At a minimum, I think we should file a bug report to 
investigate whether
Grapheme.opSlice can be implemented differently, such that we 
avoid this
obscure referential behaviour that makes it hard to work with 
in complex
code. I'm not sure if this is possible, but IMO we should at 
least

investigate the possibilities.


Done... my first bug report :-) I copied togehter all the 
findings from this thread.


For the sake of completeness
https://issues.dlang.org/show_bug.cgi?id=20483


Re: What type does byGrapheme() return?

2020-01-06 Thread Robert M. Münch via Digitalmars-d-learn

On 2020-01-05 04:18:34 +, H. S. Teoh said:


At a minimum, I think we should file a bug report to investigate whether
Grapheme.opSlice can be implemented differently, such that we avoid this
obscure referential behaviour that makes it hard to work with in complex
code. I'm not sure if this is possible, but IMO we should at least
investigate the possibilities.


Done... my first bug report :-) I copied togehter all the findings from 
this thread.


--
Robert M. Münch
http://www.saphirion.com
smarter | better | faster



Re: What type does byGrapheme() return?

2020-01-04 Thread H. S. Teoh via Digitalmars-d-learn
On Sat, Jan 04, 2020 at 08:19:14PM +0100, Robert M. Münch via 
Digitalmars-d-learn wrote:
> On 2019-12-31 21:36:56 +, Steven Schveighoffer said:
> 
> > The fact that a Grapheme's return requires you keep the grapheme in
> > scope for operations seems completely incorrect and dangerous IMO
> > (note that operators are going to always have a ref this, even when
> > called on an rvalue). So even though using ref works, I think the
> > underlying issue here really is the lifetime problem.
> 
> Thanks for all the answers, pretty enlighting even I'm not sure I get
> everything 100%.
> 
> So, what to do for now? File a bug-report? What needs to be fixed?

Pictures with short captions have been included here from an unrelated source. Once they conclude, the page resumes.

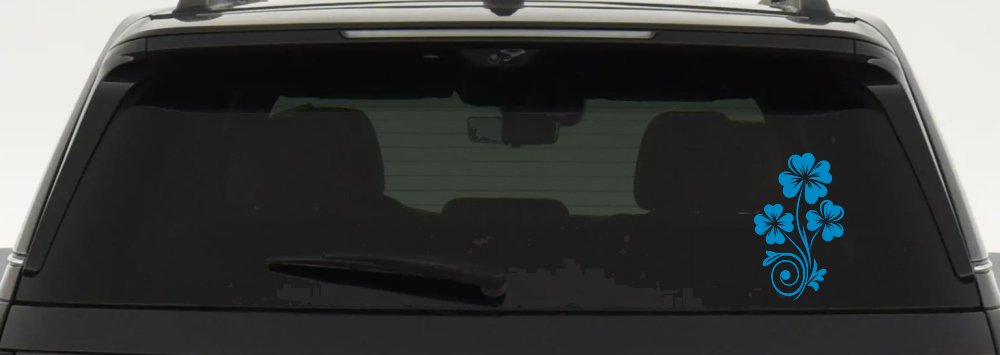 Four Leaf Clover Hearts Swirl Vine Car or Truck Window Vinyl Decal Sticker (Blue)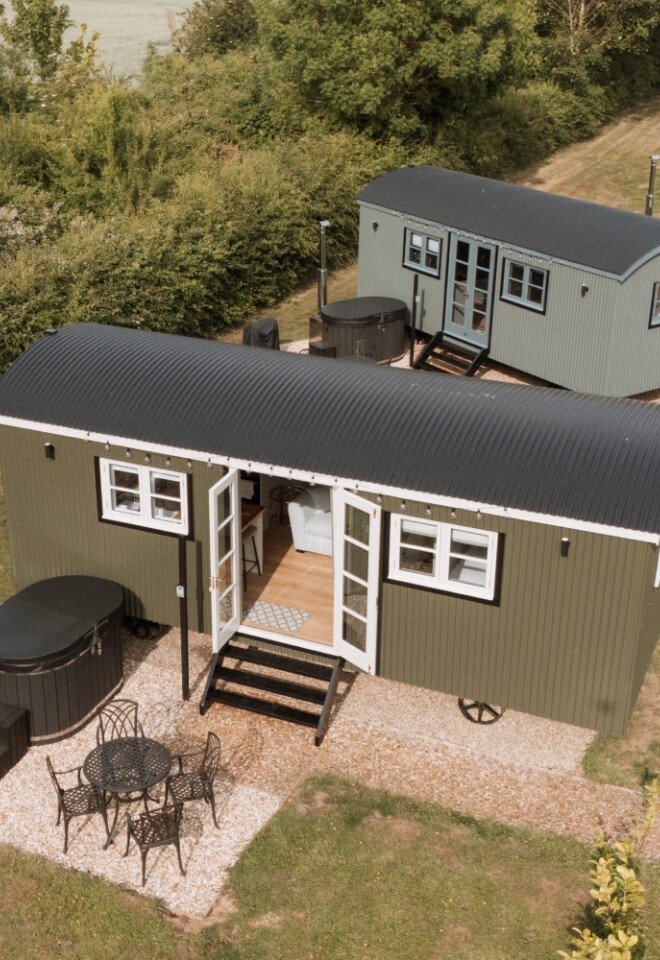 Shepherds hut in the meadow at Hall Farm self catering accomodation with Hot Tub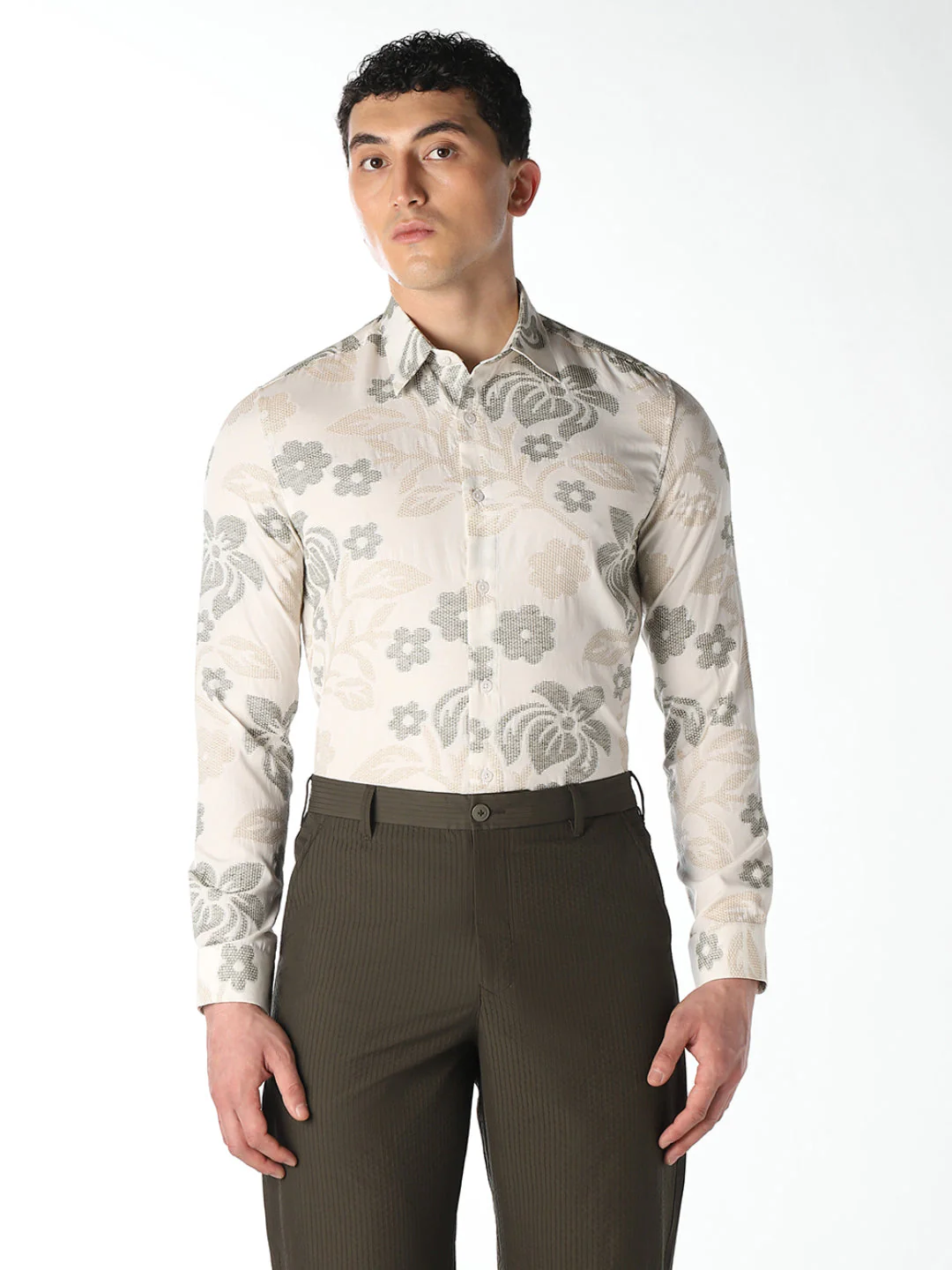 Floral Print Slim Fit Shirt - Image 2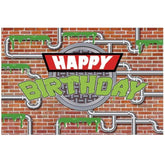 Turtle Banner, 70.8x43.3 Inch Ninja Themed Happy Birthday Background for Kids Party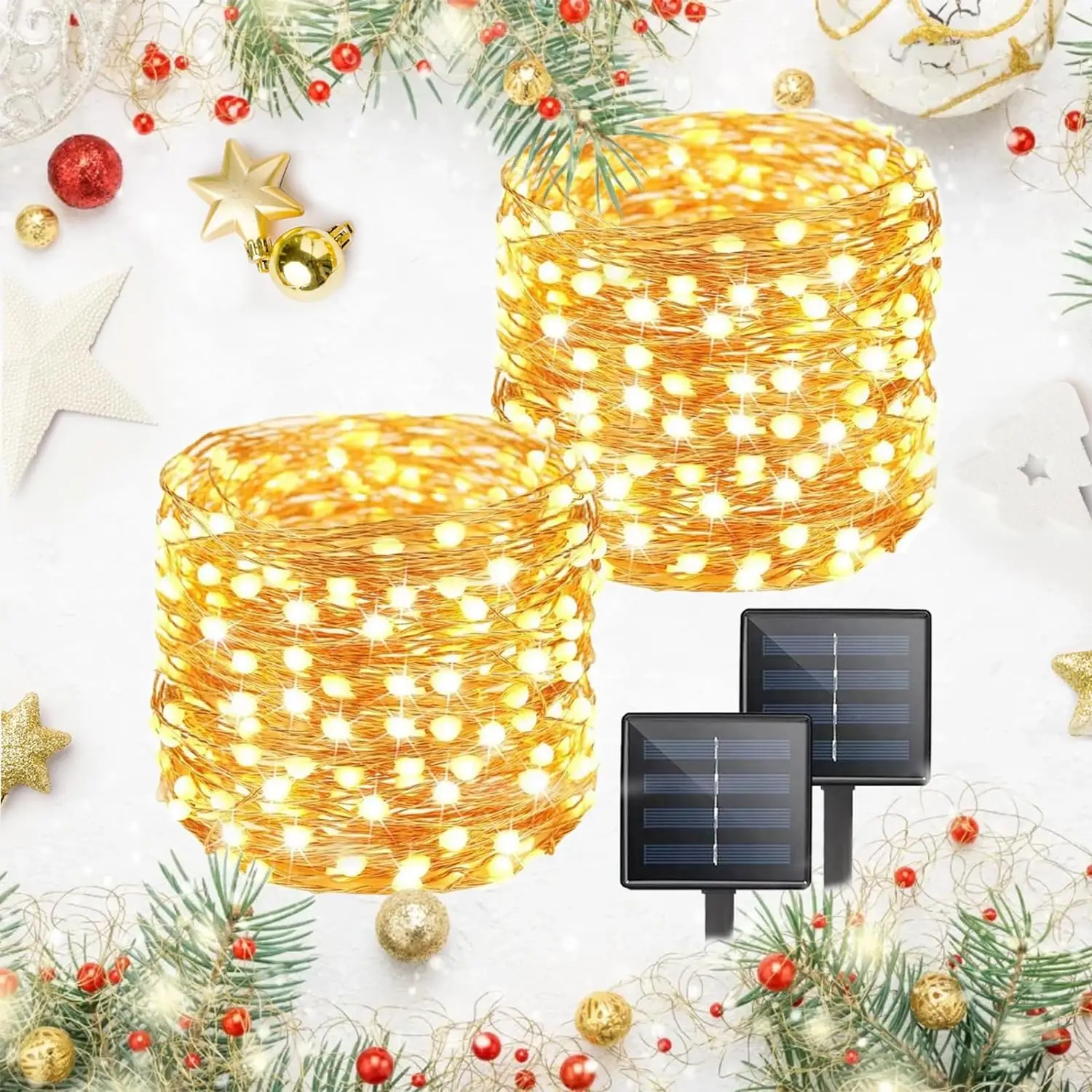 Impermeável ao ar livre String Lights, Solar Fairy Lights, Fio De Cobre, Festa De Jardim, Decorações De Natal, LED, 8 Modos, 42m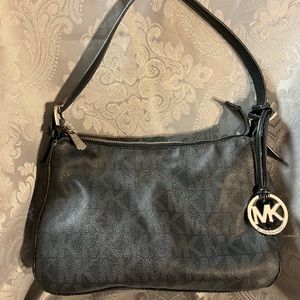 MK black hobo bag with silver accents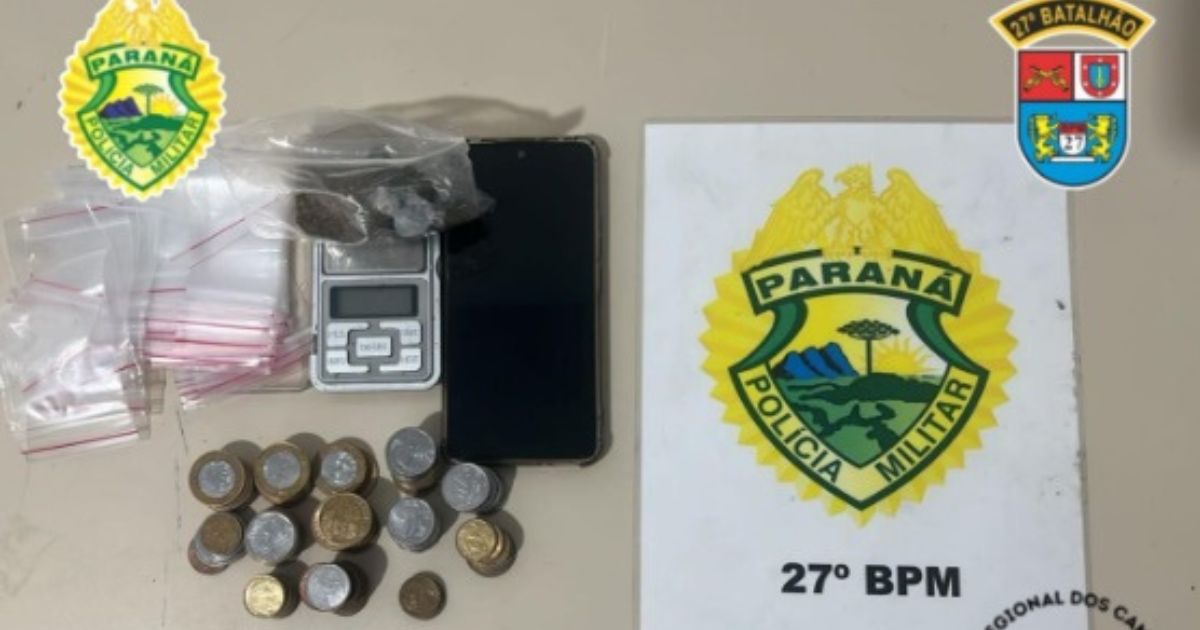 Homem é preso por tráfico de drogas no centro de São Mateus do Sul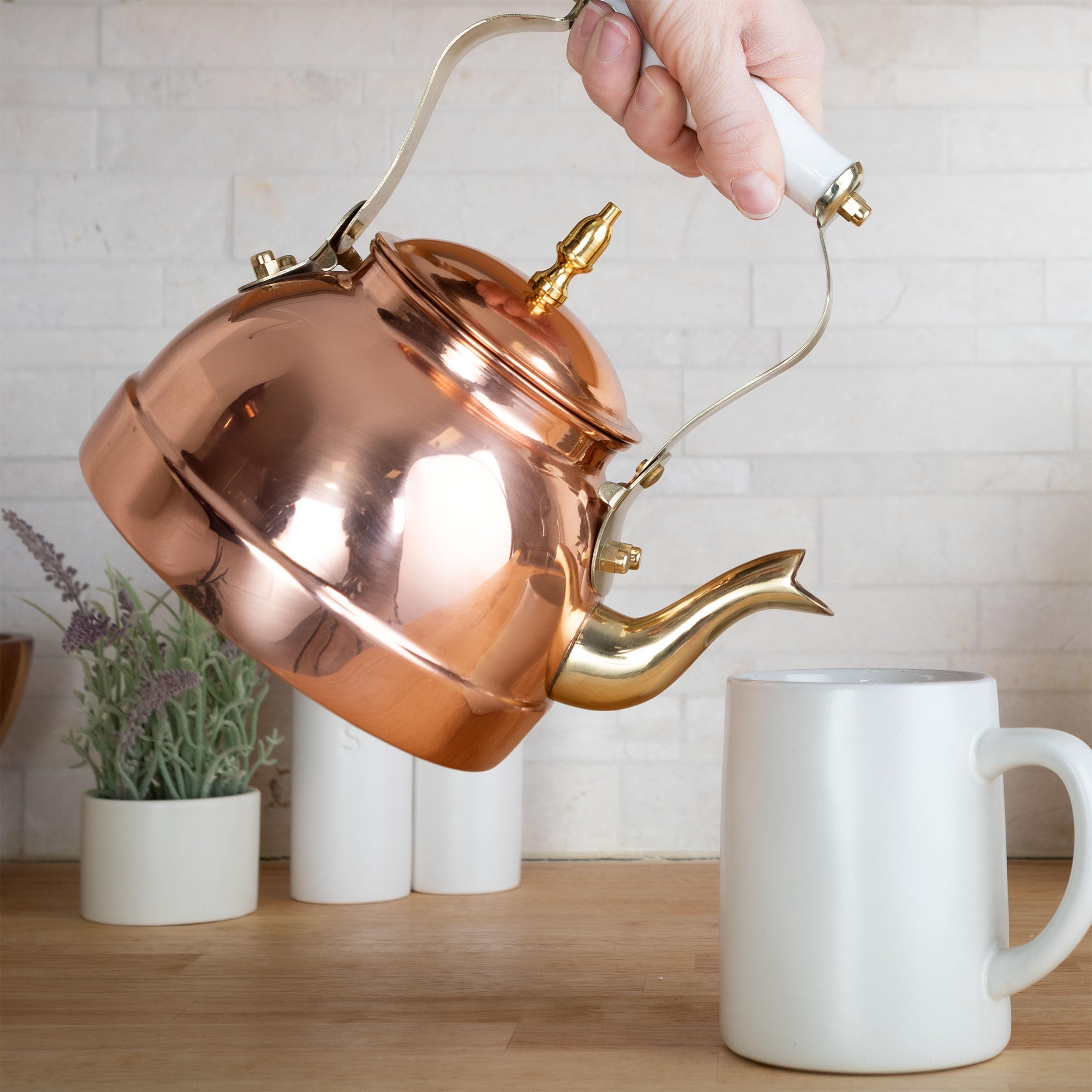 バーベキュー・調理用品 orcaGrandma's Copper Kettle Amazon.com: Classic Cuisine Copper Tea Kettle - Teapot for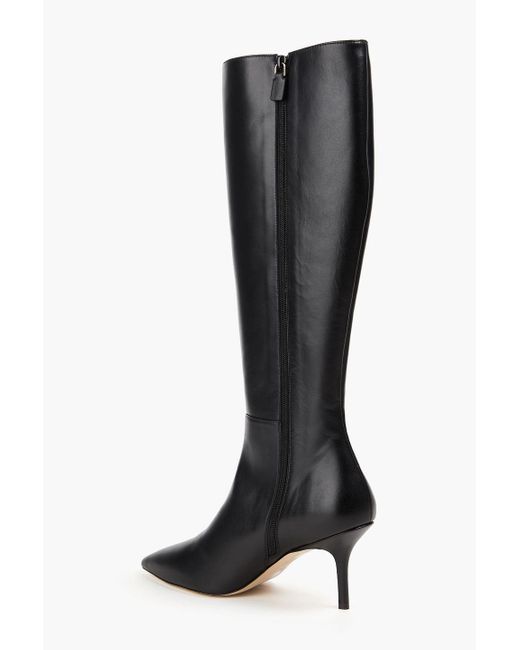 Stuart Weitzman Black Mara 75 Leather Knee Boots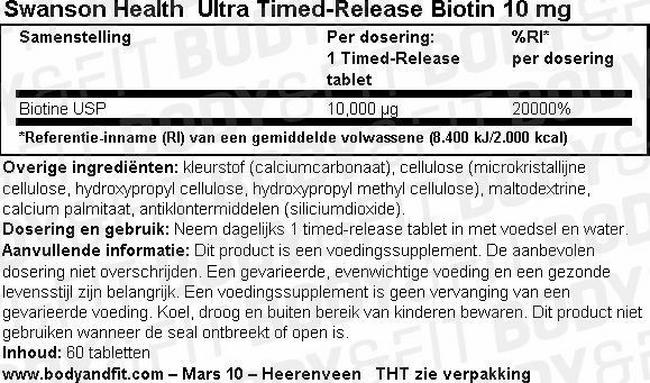 Ultra Timed-Release Biotin 10mg Nutritional Information 1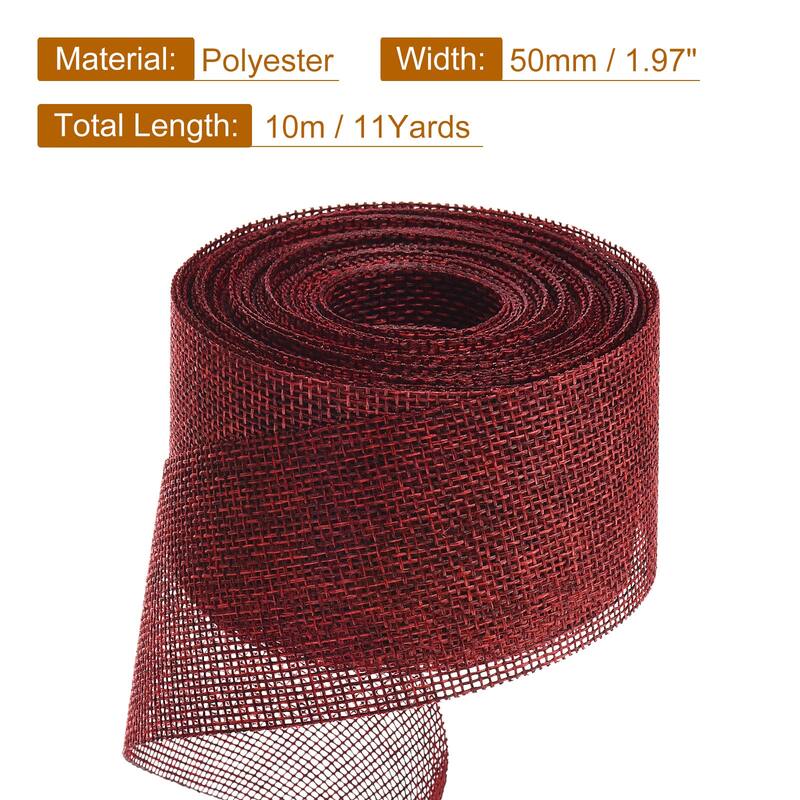 Burlap Ribbon, 2 Inch Wide 10 Yards Burlap Wired Ribbon - Wine Red
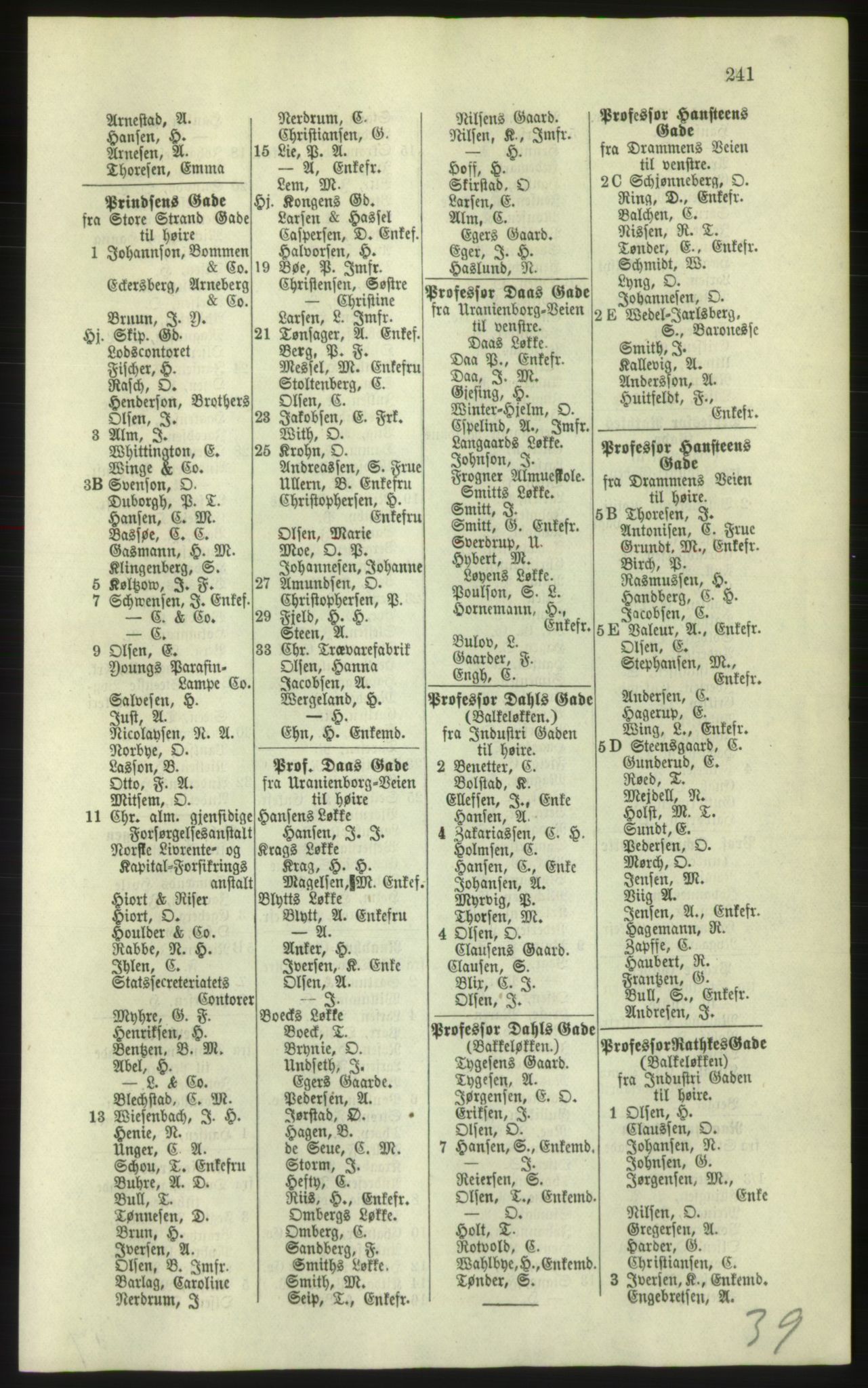 Kristiania/Oslo adressebok, PUBL/-, 1879, s. 241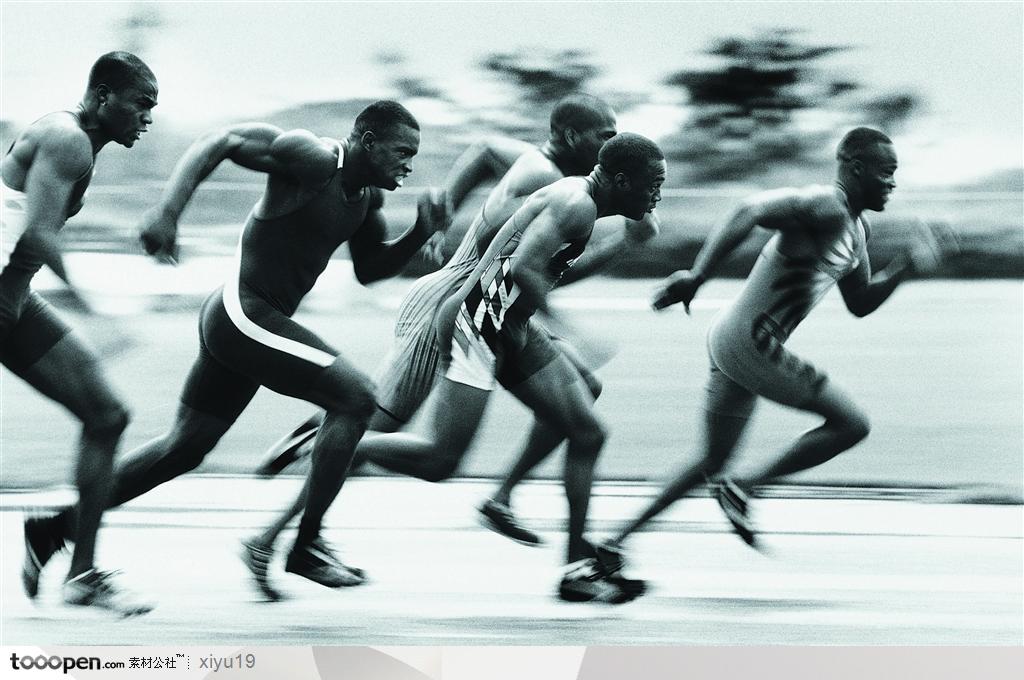比赛运动-一群跑步的运动员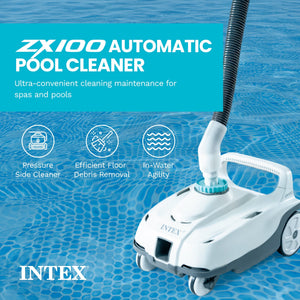 Intex ZX100 Automatic Pressure Side Swimming Pool Cleaner w/Hose & Converter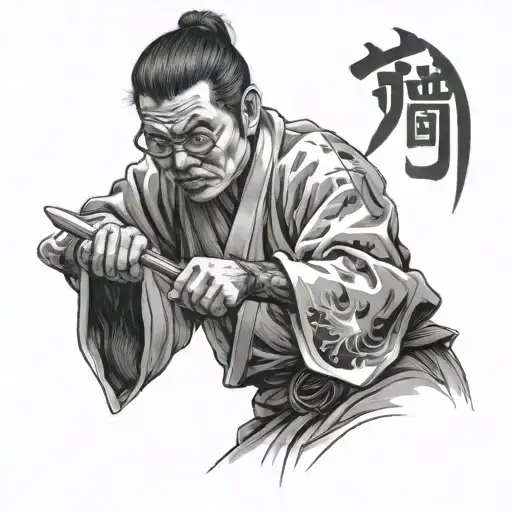 A portrait of Toji Fushiguro wielding a knife in a dynamic pose tattoo design idea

At a minimum, I think we should file a bug report to investigate whether
Grapheme.opSlice can be implemented differently, such that we avoid this
obscure referential behaviour that makes it hard to work with in complex
code. I'm not sure if this is possible, but IMO we should at least
investigate the possibilities.


> I'm using the ref approach for now, in hope it will be OK for my
> use-case, which is converting a wstring to a grapheme[], alter the
> array, and map it back to a wstring. Sounds like a lot of porcessing
> for handling unicode text, but I don't think it gets a lot simpler
> than that.
[...]

Unicode is a beast. Be glad that you can even do this in the first
place.  If I were writing this in C, I wouldn't even know where to
begin!


T

-- 
No! I'm not in denial!


Re: What type does byGrapheme() return?

2020-01-04 Thread Robert M. Münch via Digitalmars-d-learn

On 2019-12-31 21:36:56 +, Steven Schveighoffer said:

The fact that a Grapheme's return requires you keep the grapheme in 
scope for operations seems completely incorrect and dangerous IMO (note 
that operators are going to always have a ref this, even when called on 
an rvalue). So even though using ref works, I think the underlying 
issue here really is the lifetime problem.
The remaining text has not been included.